We now use the pilot study data to report the impact on recovery by ambient temperature shipment. We also investigated models using machine learning with a restricted set of analytes, resistant to temperature effects. In this non-interventional, international validation study; we report changes in recovery of analytes and the accuracy of gestational age estimation comparing two shipment methods, and results from machine learning models using analytes resistant to temperature change, compared to those obtained by conventional methods using all analytes [18].
METHODS
Study population
This study was undertaken using data from the AMANHI, all children thrive (ACT), community based, prospective pregnancy and newborn cohorts from Pemba (Tanzania), Sylhet (Bangladesh) and Karachi (Pakistan).
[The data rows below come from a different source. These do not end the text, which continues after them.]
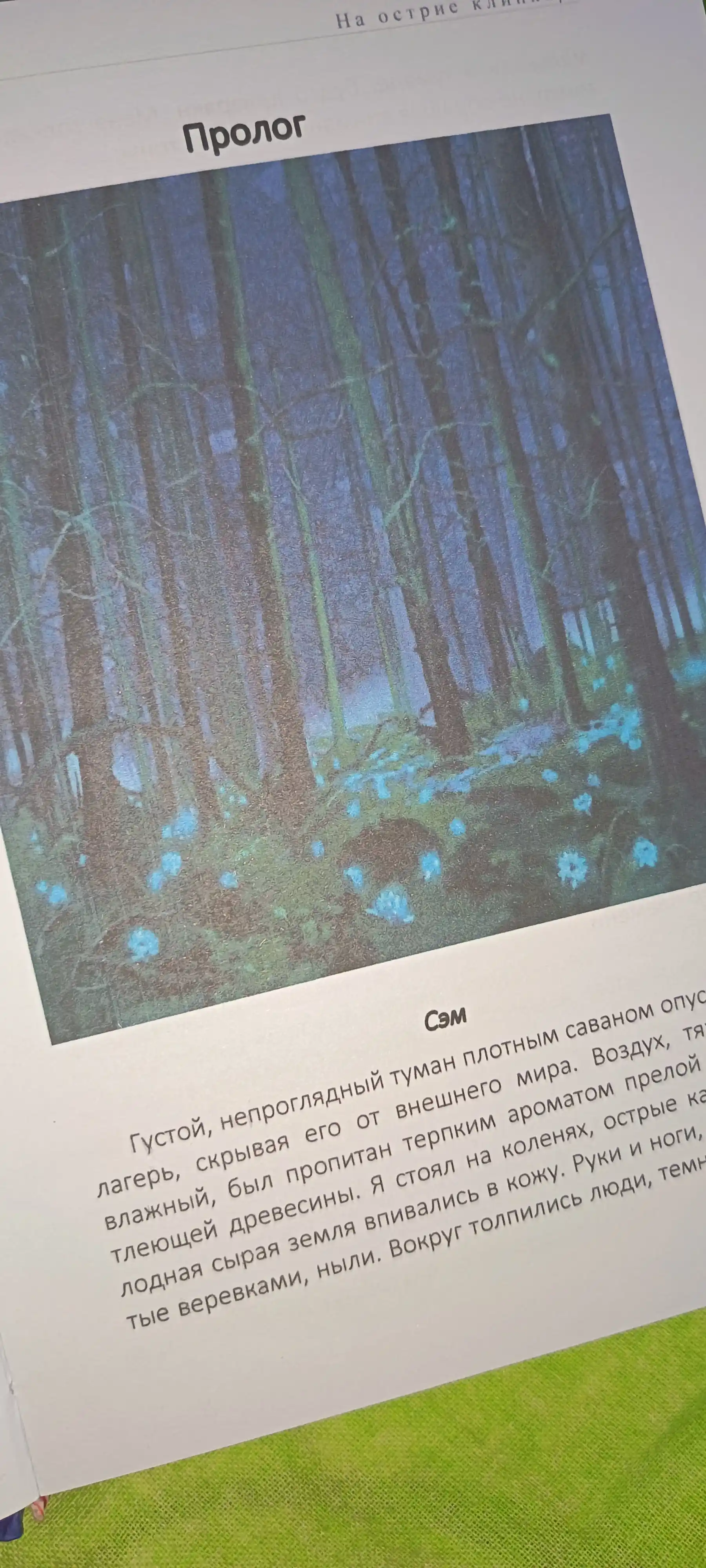На острие клинка Лия Стеффи, Аллен Дуэль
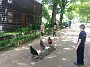 20170527_115411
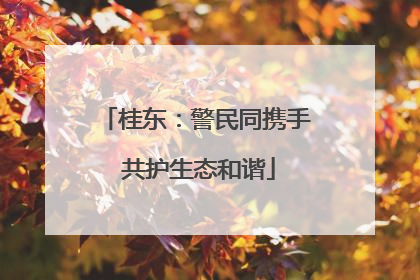 桂东：警民同携手 共护生态和谐
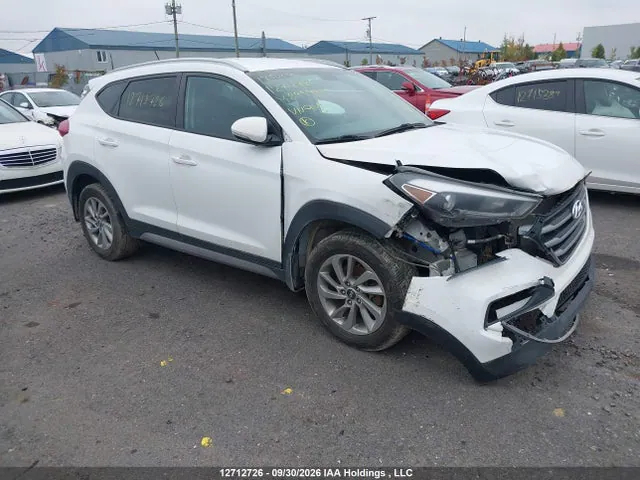 2017 Hyundai Tucson Premium VIN KM8J3CA42HU299974 фото 1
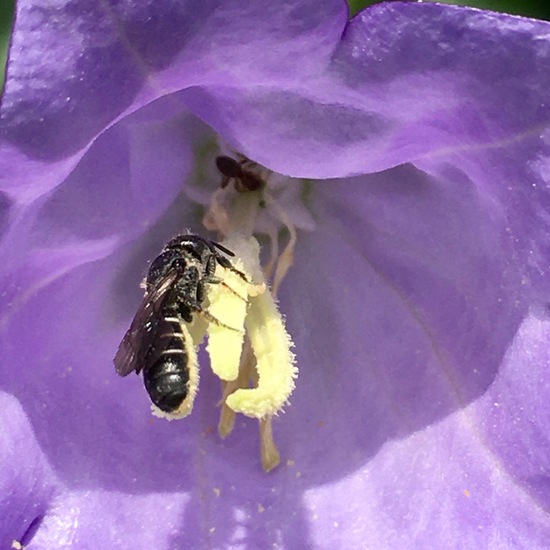 Chelostoma rapunculi: Tier im Habitat Garten in der NatureSpots App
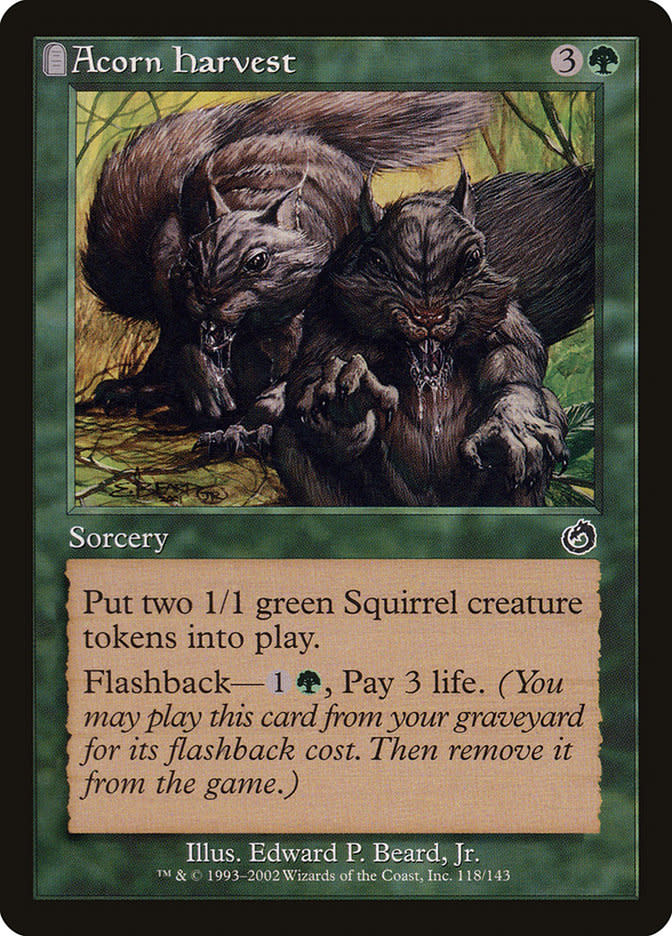 Acorn Harvest (MP)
The rationale for these cohorts and associated biobank, procedures, and cohort characteristics have been described elsewhere [24]. One of the objectives of the AMANHI study was to develop and validate programmatically feasible approaches to accurately assess the gestational age of babies after they are born. Briefly, women were enrolled in early pregnancy and followed through delivery and the postpartum period. GA was established by ultrasonography at screening using the fetal crown rump length (if <14 weeks gestation) or biparietal diameter and femur length (if ≥14 weeks) [25,26]. All fetal biometry measurements were measured twice and then averaged for gestational age calculations [27,28]. Birth weight (5g sensitivity) was measured using standard newborn weighing scale (SECA corporation, Columbia, MD, USA).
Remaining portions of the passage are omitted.